Challenge by: Jenny Martin

It's been a big month for International Football, with both the Euros and the Copa América. Personally, I'm not a big football fan, so the question that I'm looking to answer is:

If I'm only going to watch 15 minutes of a match, which time interval will be the most exciting? How does that vary by competition and has it changed over the years?
Inputs
The data this week comes from an incredible data source I found on Kaggle which contains over 47,000 results of international football matches. Thanks to Mart Jürisoo for collecting this data! 

1. Results table 

![1](https://blogger.googleusercontent.com/img/b/R29vZ2xl/AVvXsEgZP2sGbD5_kyD7ISa2HYcMgv2xdrigRgf9zdVzKTAcdZEaNYxJdhP1RCvWqpUKPFtZF1P3U5uh62vEo0KXHK0uBOYUxeblifShgdDqKBc4wKpb1iQKMXNhJSThEOCA3wZwyiuZTTvreH83hmhVVFLcrtUaT0dSHEqR_3uwb3_e-1KjjPGEz8Qd9BRjkBjz/s1242/Screenshot%202024-07-12%20112558.png)

2. International Competitions table 

![2](https://blogger.googleusercontent.com/img/b/R29vZ2xl/AVvXsEih9_edQVgi4u54jtdYSPhNjpYxhBVh1qEP0ApXkyLJ5z8TTm0jlOGfknwE3Ej8WcSxT_kZwJ53rBLmRD19hEeCFIrIVHh2VNpT2eeD1owayx6J-a_bLxxqzt5VRmJUNjXFy5FkXagj4_3JKyXCWEc96fBMnBIDmMuD2UyfKYl2JnjdxFgFSwO2WycmG91g/s839/Screenshot%202024-07-12%20112705.png)
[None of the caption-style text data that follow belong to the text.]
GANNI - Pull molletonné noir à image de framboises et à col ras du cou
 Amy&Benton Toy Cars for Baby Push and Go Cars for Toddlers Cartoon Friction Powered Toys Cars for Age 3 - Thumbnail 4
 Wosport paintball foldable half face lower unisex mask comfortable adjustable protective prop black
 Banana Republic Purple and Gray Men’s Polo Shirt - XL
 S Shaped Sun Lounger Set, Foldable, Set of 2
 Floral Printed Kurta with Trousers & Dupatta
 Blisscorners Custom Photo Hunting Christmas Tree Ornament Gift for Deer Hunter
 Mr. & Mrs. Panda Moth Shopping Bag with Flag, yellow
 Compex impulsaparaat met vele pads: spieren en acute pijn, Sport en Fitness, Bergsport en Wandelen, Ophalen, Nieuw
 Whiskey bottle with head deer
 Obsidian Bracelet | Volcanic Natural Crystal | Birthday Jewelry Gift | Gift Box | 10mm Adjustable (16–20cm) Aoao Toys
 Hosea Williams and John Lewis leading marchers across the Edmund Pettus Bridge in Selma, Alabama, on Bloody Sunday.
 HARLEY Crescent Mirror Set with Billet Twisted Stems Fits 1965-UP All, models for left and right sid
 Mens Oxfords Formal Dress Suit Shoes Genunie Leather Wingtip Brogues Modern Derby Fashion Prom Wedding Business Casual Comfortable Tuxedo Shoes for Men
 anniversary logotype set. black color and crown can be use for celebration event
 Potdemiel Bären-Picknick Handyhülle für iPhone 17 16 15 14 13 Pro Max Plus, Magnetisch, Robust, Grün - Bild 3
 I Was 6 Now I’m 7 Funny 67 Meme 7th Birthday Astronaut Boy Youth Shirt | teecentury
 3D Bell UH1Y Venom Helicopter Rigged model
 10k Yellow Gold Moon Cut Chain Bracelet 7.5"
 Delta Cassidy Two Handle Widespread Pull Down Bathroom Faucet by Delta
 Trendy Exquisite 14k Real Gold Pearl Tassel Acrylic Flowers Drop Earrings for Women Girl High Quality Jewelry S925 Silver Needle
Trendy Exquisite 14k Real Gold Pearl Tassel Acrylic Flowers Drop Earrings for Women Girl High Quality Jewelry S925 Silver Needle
3. Goal Scorers table - currently only available for World Cup and Continental Championships so this is where we will focus our analysis 

![3](https://blogger.googleusercontent.com/img/b/R29vZ2xl/AVvXsEjPGSAMLx6yHO24UeOWSmE1iHOHxt7OzyrvdZk6vFADFh7u59oMM55x0rPiDKLZHZF7uS7iuh18mdahHK2vRokqAVYoYDu523yM0wHJdjQAzQshzfMBnfAeYIMCaZ2PuIxw3F3pOl4z7FF6Il6IBFKoesZSqocWcgR70NmWt8iGHLMmx9k0Wq4mzXKG0gxe/s1065/Screenshot%202024-07-12%20112823.png)

4. Segment table 

![4](https://blogger.googleusercontent.com/img/b/R29vZ2xl/AVvXsEgyLAB2DR7FlKWz3TSXr7FFDIPLtDmtia_KwtsZH3PurgdtslliaCiAYIeBaJu2qHLwqsLo9DzgcrhyCcZaWVgBBQr8KI8FmIKlxIXzfu_JE4-CJQFRw98dYCVyesbGodYqJMkdtbyNwyLo_V4_VoGqJ2MbCuUJ3wqpLWeIS_bMtVozPOWFCeTj9GoQYwxP/s293/Screenshot%202024-07-12%20112907.png)

### Requirements
- Input the data
- Filter out Qualification rounds from the Results table
- Split out the Football Association and Competition from the tournament field
- e.g. For UEFA Euro, UEFA is the Football Association and Euro is the Competition
- Not all tournaments contain information about the Football Association
- Join to the International Competitions table
- All 8 competitions should be included
- For the CONCACAF Championship ensure the correct Football Association and Competition are joined
- Create a field for the Decade the competition took place in
- Filter the data to 1950s onwards
- Create a Match ID field so every row in the data had a unique identifier
- Calculate the number of matches in each Decade, in each Competition
- Filter out the nulls from the Goal Scorers table and join to the dataset
- Join on the Segment table based on what segment of time the goal was scored in
- e.g. a goal scored 25 minutes into the game should be in the 15-30 segment
- Count how many goals were scored in each Segment, for each Competition and Decade
- Calculate the Expected number of Goals for each Segment, Competition and Decade
- Output the data
### Output

![5](https://blogger.googleusercontent.com/img/b/R29vZ2xl/AVvXsEhIkofZTtNMyoDS8iZsJcnL0EFz_ve-kdk8HD_EidGjHZVSvFwVvAwzxT3CTQdNKecrjSy4WXQe6t6z3PNSr63VNNakxU0QpDjKi8rDZKLKKGPBPLJJ_8cH6jhyYzXmpdPDHNmnQHCfKwPQiwQr_lcxO6Eku5gRmDVOcsJHyblqFVZalnyrrGIMxoFb-tVJ/s927/Screenshot%202024-07-16%20163555.png)

- 6 fields
- Competition
- Decade
- Segment
- Total Goals
- Matches in a Decade per Competition
- Expected number of Goals
- 351 rows (352 including headers)

In [1]:
from pyspark.sql import SparkSession

# Initialize a Spark session
spark = SparkSession.builder.appName("FootballAnalysis").getOrCreate()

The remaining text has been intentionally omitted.